Inflación deportiva
Creo que empecé a cogerle manía al deporte cuando advertí que su tratamiento informativo no obedecía a las mismas leyes que rigen el periodismo convencional. Aquel recurso retórico que los latinos denominaron amplificcatio, consistente en inflar cualquier asunto, por baladí que sea, ha encontrado en el periodismo deportivo su apoteosis. Basta por ejemplo que dos compañeros de equipo balompédico se sacudan un sopapo en un entrenamiento, al calor de una rebatiña, o que el entrenador de tal equipo haya cruzado unas palabras agrias con uno de sus pupilos, para que los telediarios inauguren su emisión con las declaraciones balbucientes de los implicados, relegando a la condición de comparsa cualquier otro asunto de la política doméstica o internacional.

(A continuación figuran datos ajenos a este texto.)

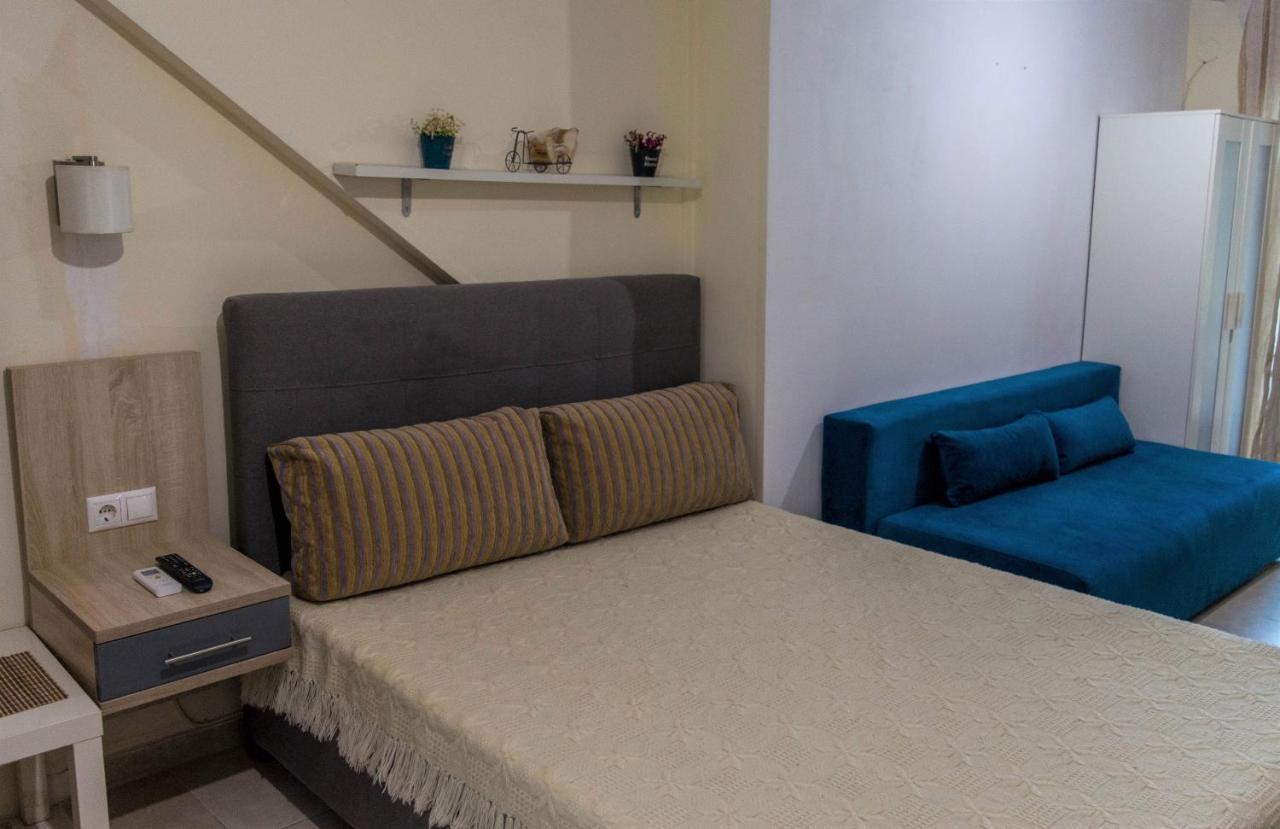 Roses Apartments ネア・ミカニオーナ エクステリア 写真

Otra circunstancia que me desagrada de la información deportiva es que en ella se alternan los periódicos arrebatos de euforia y las incursiones depresivas también periódicas. Al concluir cualquier campeonato internacional, después de haber sido vapuleada con derrotas ignominiosas, los informadores deportivos coinciden en afirmar que nuestra selección la componen un hatajo de vagos y señoritingos de mierda, más dispuestos a forrarse que a sudar la camiseta. Una vez extinguidos los ecos del cataclismo, y a medida que la selección autóctona se repone del varapalo recibido con victorias en fases clasificatorias ante potencias del calibre de San Marino o Bielorrusia, comienzan las tibias palinodias.

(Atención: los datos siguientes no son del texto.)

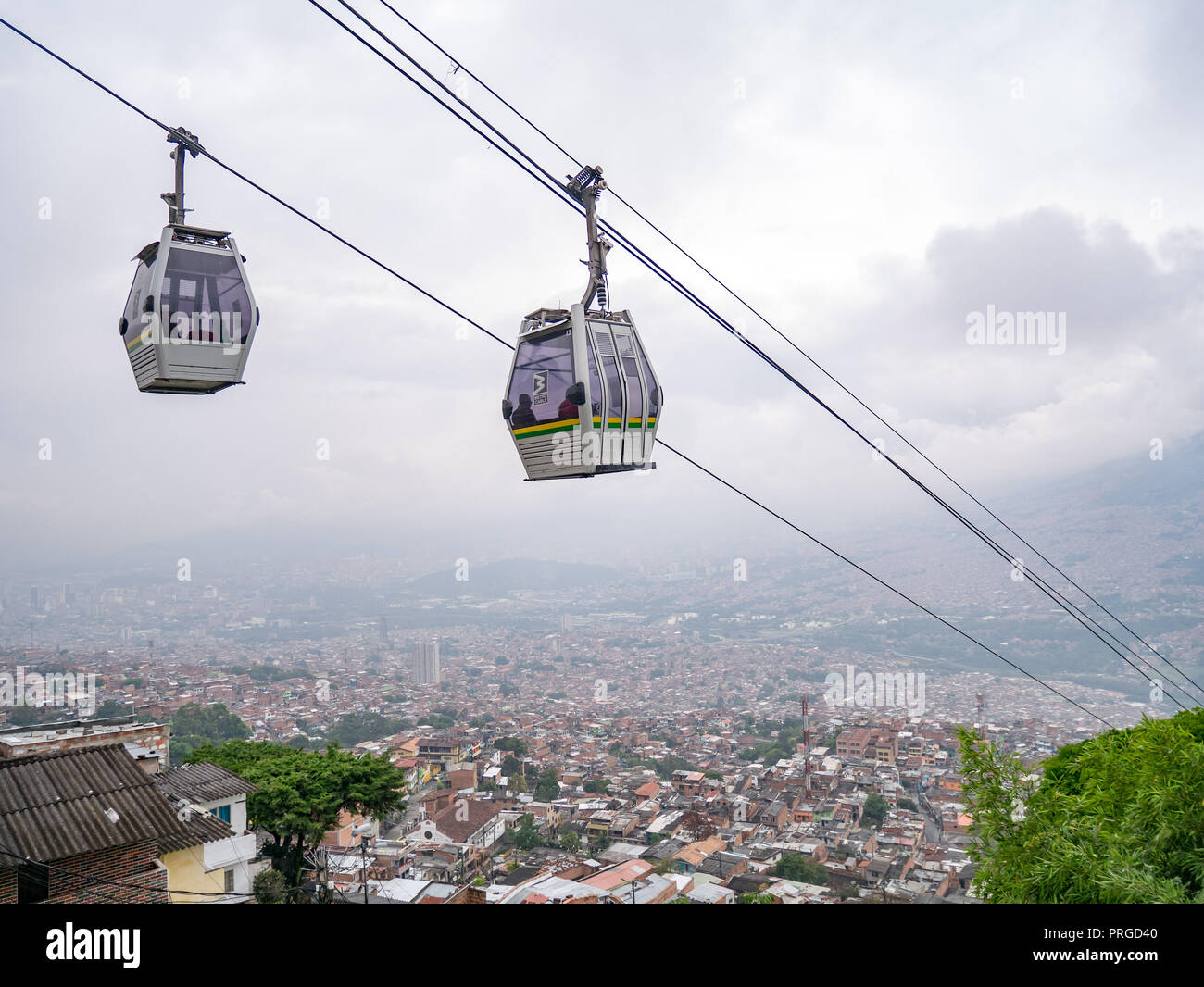Medellin colombia cable car hires stock photography and images Alamy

El patrioterismo, en fin, es otra circunstancia que infla la información periodística hasta extremos paroxísticos. Basta que un español obtenga un éxito en tal o cual disciplina deportiva, por marginal o exótica que sea, para que de inmediato dicha disciplina adquiera una preponderancia aplastante sobre otras que tradicionalmente suscitaban mayor interés. Ocurrió, hace unos años, con las carreras de rallies: hasta que Carlos Sainz no empezó a ganar trofeos, los avatares de este deporte suscitaban los mismos entusiasmos que los documentales sobre la producción de los mejillones. Lo mismo ocurrirá con las carreras de Formula1, ese videojuego de alto presupuesto; cuando nuestro compatriota Alonso deje de ser el más rápido, por desgana o jubilación anticipada, las vicisitudes del circuito automovilístico, que ahora nos mantienen en vilo, volverán a convertirse en un galimatias soporífero.
Pero, entre tanto, nos toca perecer ahogados por la inflación deportiva.